A Good Company Or A No-Good Turkey?
Crusader staff report
It’s a case that has allegedly scammed thousands of Blacks and left Illinois Attorney General Lisa Madigan fuming. And the question remains: Is IDT Energy a good company or a no-good turkey that gobbled up a lot of green from poor Black residents on Chicago’s South and West Sides? Madigan wants to know the truth.
On Monday, November 19, she announced a lawsuit against IDT Energy Inc. (IDT), an alternative retail electric supplier (ARES), who is accused of violating “thousands” of Illinois consumer fraud laws as a result of a particularly “egregious” marketing scheme that disproportionately impacted Black consumers on the South and West Sides of Chicago.
As a result of Madigan’s investigation, IDT agreed to enter into a consent decree to provide refunds totaling $3 million to more than 176,000 customers. The consent decree also bans the company from marketing in Illinois for two years. Madigan was joined by consumer advocates with Citizen Action/Illinois and Illinois PIRG to announce her lawsuit.
Filed in Cook County Circuit Court, Madigan’s lawsuit alleges IDT and its sales representatives aggressively and disproportionately targeted African-American residents in the ComEd territory using deceptive sales tactics to sign them up for expensive contracts for electricity. IDT sales agents failed to tell customers critical information, including the price and length of the contracts. Madigan alleges many customers were given the false impression they were signing up for a discounted rate from ComEd when, in reality, they were switching to IDT where they routinely paid higher prices for their electricity.
IDT Energy Inc. is based in Newark, NJ. A representative from company declined to speak when the Crusader asked about the lawsuit.
“IDT targeted African-American consumers to sell overpriced electricity,” Madigan said. “The alternative retail electric supply industry is rife with fraud and deceit, and I once again, call on the Illinois General Assembly to ban these companies from operating in the residential market in the state.”
Madigan’s office uncovered the disparate impact on African-American customers by comparing the total number of IDT customers enrolled in each zip code to the total number of ComEd accounts in that zip code. In Chicago, nine of the 10 zip codes with the highest IDT enrollments are in neighborhoods where the population is more than 90 percent African-American.
For example, more than 30 percent of all ComEd customers have been enrolled as IDT customers in each of the zip codes covering Austin, Englewood, South Shore and West Garfield Park—each of which consists of at least 93 percent African-American residents. To compare, only one percent or fewer of all ComEd customers have been switched to IDT in zip codes covering the neighborhoods of Edison Park, Lincoln Park, Sauganash and the West Loop—none of which contains more than five percent African-American population.
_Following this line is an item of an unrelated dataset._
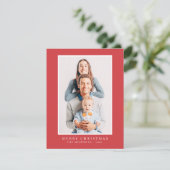 Moderne Eenvoudige kerstfoto Feestdagenkaart (Staand voorkant)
Madigan said IDT’s deceptive sales pitches—delivered mainly through telephone and door-to-door solicitations—bombarded customers with false claims of lower electricity rates and savings. Madigan alleges that IDT advertised a so-called “free” electric supply deal during telephone solicitations and on sales receipts at Family Dollar and other discount retail stores without explaining that “free” electric supply would lead to charges on the customer’s electric bills.
IDT also offered rebates and rewards programs without sufficiently disclosing the terms and conditions. Madigan’s lawsuit alleges that IDT’s sales representatives made no effort to accurately describe the product and misrepresented IDT’s affiliation with ComEd to convince customers nothing would change even though they were entering into a contract with a for-profit company.
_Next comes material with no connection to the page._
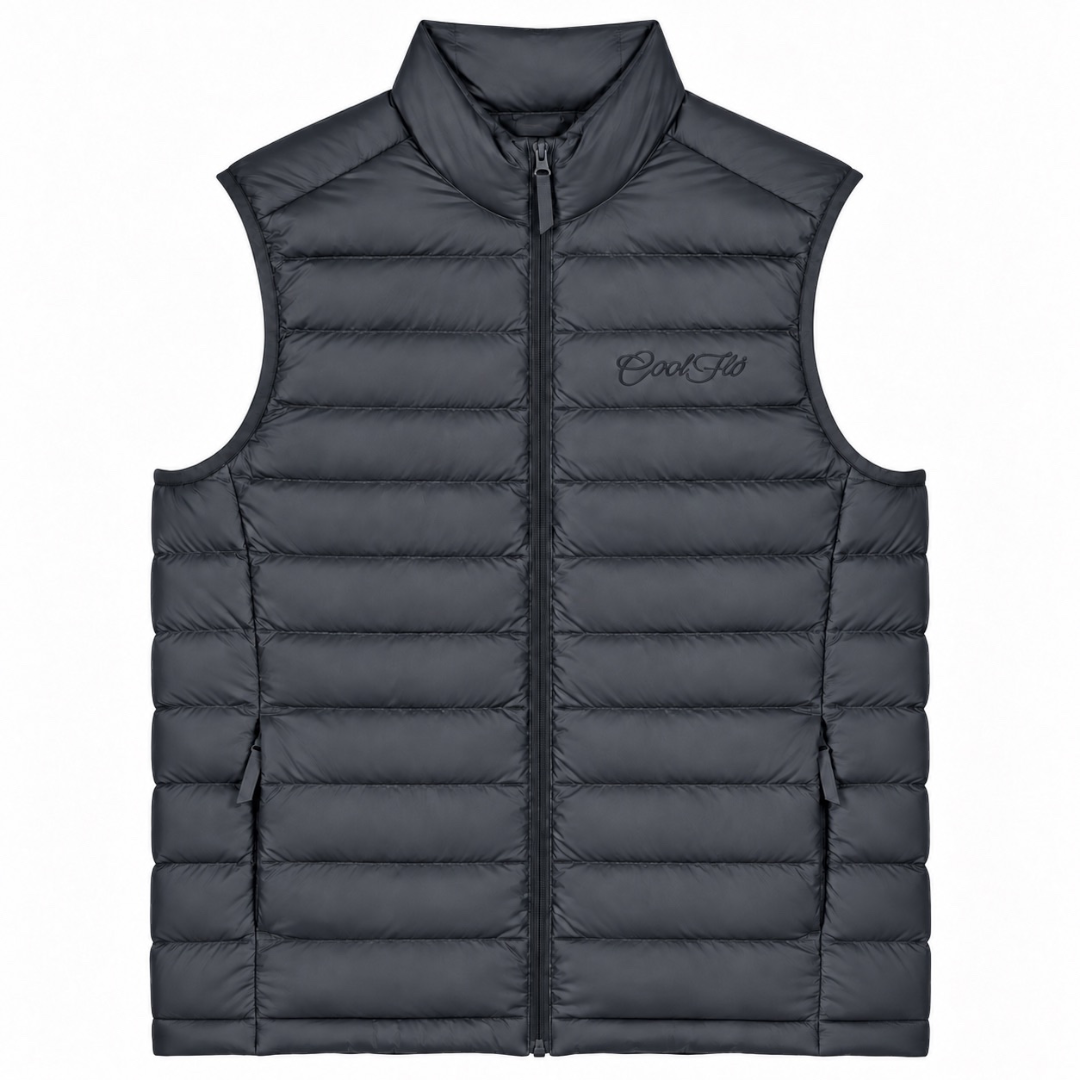Cool Flo Puffer Gilet in anthracite with tonal embroidered Script logo and quilted finish.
As part of the settlement, IDT’s former and current customers will receive a notice informing them of the settlement and their rights to a refund that will be based on each customer’s electricity usage. They will also receive information about their right to cancel their contract with the company at no charge.
Currently in Illinois, there are 103 ARES authorized to sell electricity. Data shows almost all customers enrolled with an ARES pay higher prices than customers who stick with the traditional public utility company. According to the Illinois Commerce Commission (ICC), ARES customers in the ComEd territory, as a whole, have paid about $138 million more for electricity than traditional utility customers from June 2017 through May 2018. Statewide, residential and small commercial customers enrolled with ARES have paid over $600 million more for electricity in the last four years than if they continued to purchase their electricity from the regulated utility.
The lawsuit against IDT is Madigan’s latest in her pursuit to stop the deceptive practices of the ARES industry. She is currently litigating a case against Major Energy and has settled with Ethical Electric Inc., PALMco Power IL, LLC and Sperian Energy Corp. Madigan is pursing investigations into other ARES.
Madigan reminds people that almost no one who signs up with an ARES pays less and strongly encourages people not to sign up with any company offering to switch your electricity.
Due to their clear record of charging consumers more than regulated utilities, Madigan has made multiple calls for the Illinois General Assembly to ban ARES from operating in the residential market in the state.
Assistant Attorneys General Darren Kinkead, Caitlyn McEllis, Tom Verticchio, Aaron Chait and Anna Crane, and Chicago Public Utilities Bureau Chief Janice Dale are handling the lawsuit for Madigan’s Public Interest Division.